Frozen : The Beast of Delhi Winter



It was morning and the beast of winter was roaming wild in Delhi.  Clothed in multiple layer, I streamed through the crowded and clouded New Delhi railway station. Sun was hiding, rather hidden. I hurried to the Metro station, only crowded though. Beast is yet another animal, afraid of crowd.

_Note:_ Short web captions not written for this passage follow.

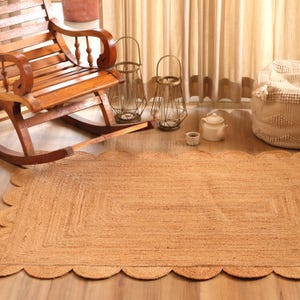Natural Scalloped Jute Rug, Scallop pattern Rug, Natural Jute Rug, Handbraided Rug, Area Rug, Handwoven Jute Rug, Custom Rug, Decorative Rug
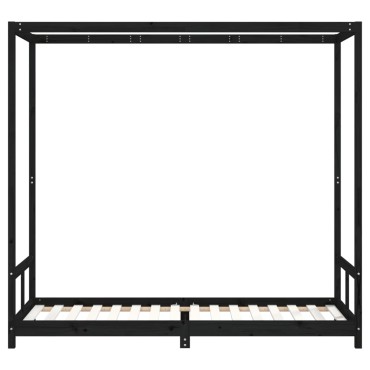 vidaXL Πλαίσιο Παιδικού Κρεβατιού Μαύρο 80x200cm Μασίφ Ξύλο Πεύκου 1 τεμ. - Μονό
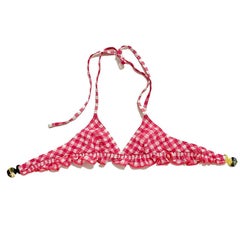 CHANEL Pink and White Gingham Swimming Suit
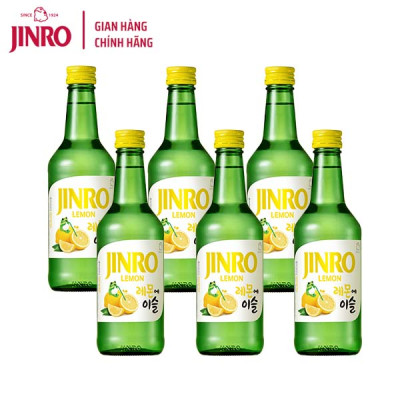 [CHÍNH HÃNG] Soju Hàn Quốc JINRO VỊ CHANH VÀNG 360ml - Combo 6 chai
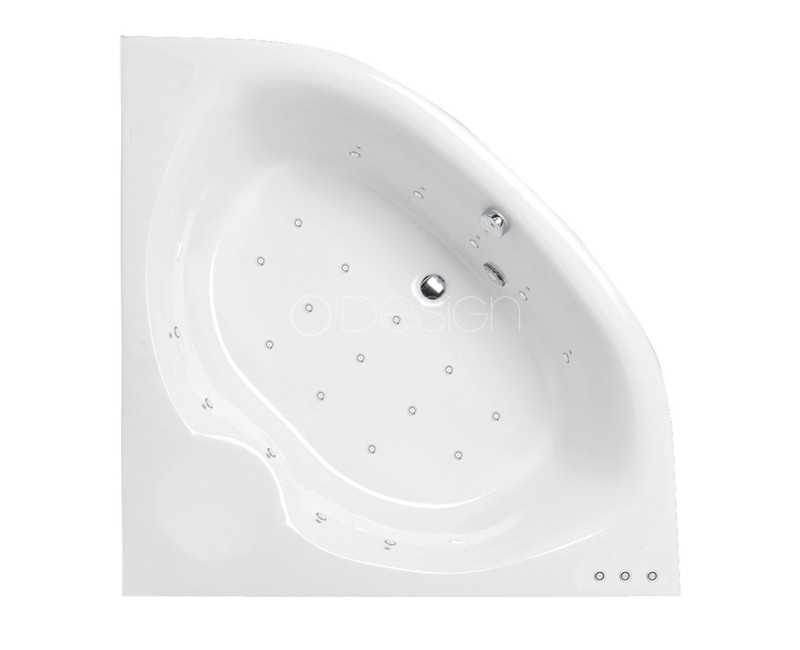 Hidromasāžas vanna O'Design Lips Excellence, 1500x1500mm, Labā, 6 hidro un 13 gaisa sprauslas, 1150W, 10 Cromo LED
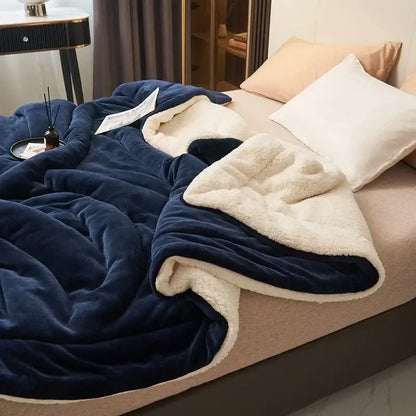 Navy & white double layer queen blanket bedroom plush sherpa comfort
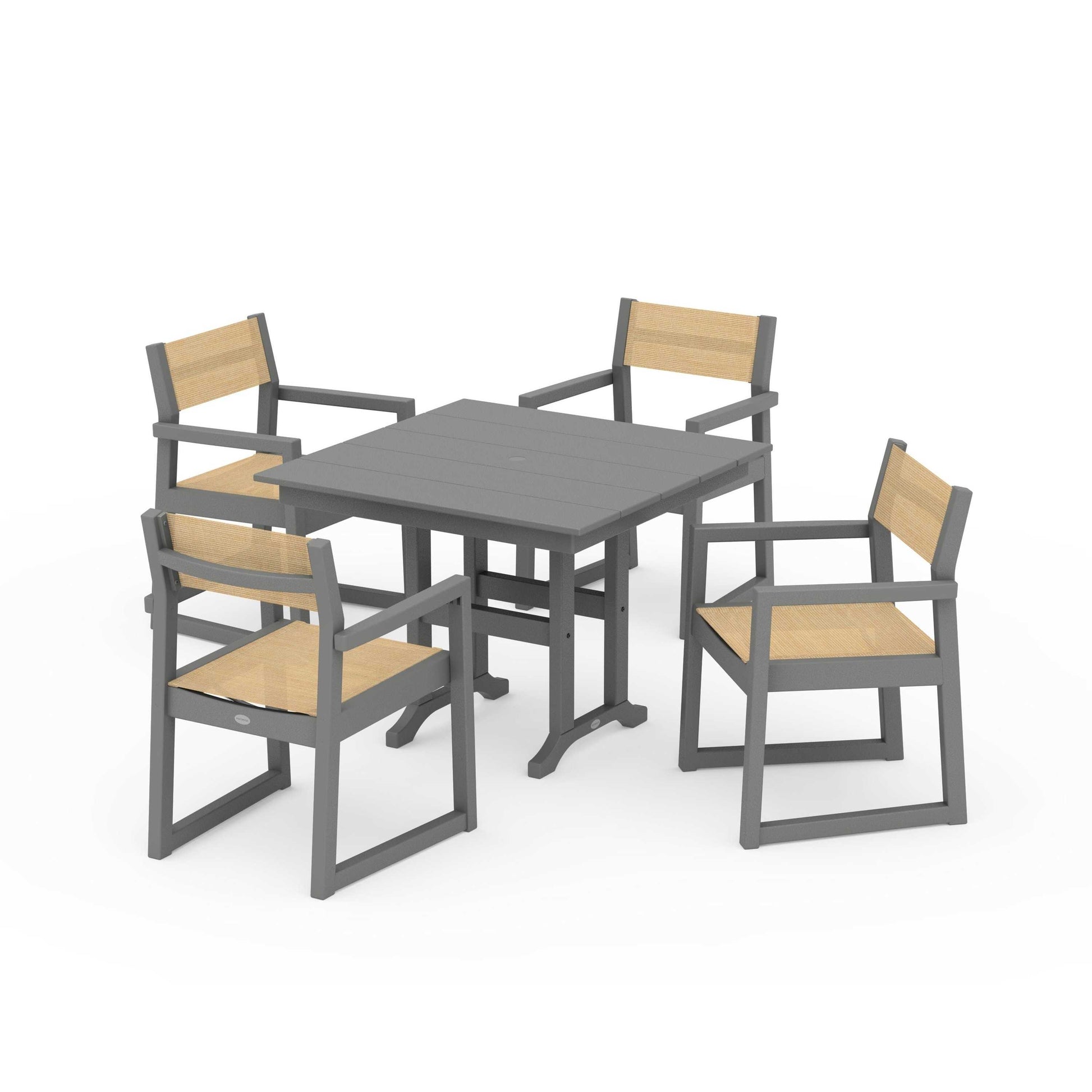 POLYWOOD EDGE Sling Arm Chair 5-Piece Farmhouse Dining Set — Slate Grey / Dupioni Apricot Sling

Exiting the burrows of Delhi Metro, I was yet again in the territory of the beast. I boarded a rickshaw. Teethed with wind, her claws tore apart me hunting for my warmth. I fought, my clothes fought. I thought I won. Then as I talked with the rickshaw wala, I saw my mouth ejaculating unfamiliar vapors. It was her exhausts. The beast was breathing through me. She didn’t get my warmth, but she took my breath. I looked at the sky for the yellow emperor. But the unwilling emperor had chosen to hide beneath the clouds.
                                                    As days passed by, the beast had conquered the air around me. From bed to toilet, rickshaws to roads, the beast followed me. Every day I wake up only to get knocked down by the beast. She ties me down to the bed. It takes hours to untie her webs and knots. Please don’t call that laziness, it’s that beast induced inertia .While brushing, I see her flooding the tap bleeding my water ice cold. She rubs her herself against my tongue and teeth, icing them.
I walk down the streets haunted by the lashes of her sharp airy robes. As I reach the burrows of the Delhi Metro, I vanish into those millions of Delhiites switching back to their monotonous lives. Crowds clad in jacket packed into metro to feed the lifeless computers, machines and cubicles. For them, thoughts have remained motionless for years, left frozen and fossilized. Thoughts, frozen and disconnected, pay for their loans, credit cards and investments. Crowds can chase away the beast. She is scared of the crowds, however lifeless they are. And I slip into the crowd camouflaged among the sheeples.



Women and an Election

It is the escalator and the air above that resurrect me from the doped consciousness into the dusk of a lazy winter of a crowded city. The beast is still in the air. But it’s the mouthwatering smell of momos, a north east Indian delicacy, that welcomes me back, celebrating my resurrection. Crowded as any space in Delhi, I fight for my plate of momos. Crowds of unwilling people around the infinitely scattered food stalls stole my right to choose my pace. I move through the crowd scathing past the dull colored rickshaws.Muffler scarfed unshaven rickshaw walas huddled around the roadside stare at me, at everyone though, for not letting them cycle me back home. Autorickshaws draped in colorful flags continued to chant ‘ Paanch Saal Kejriwal’ and ‘Modi and Bedi’ adding to the multiple chaos and tantrums the Indian Capital.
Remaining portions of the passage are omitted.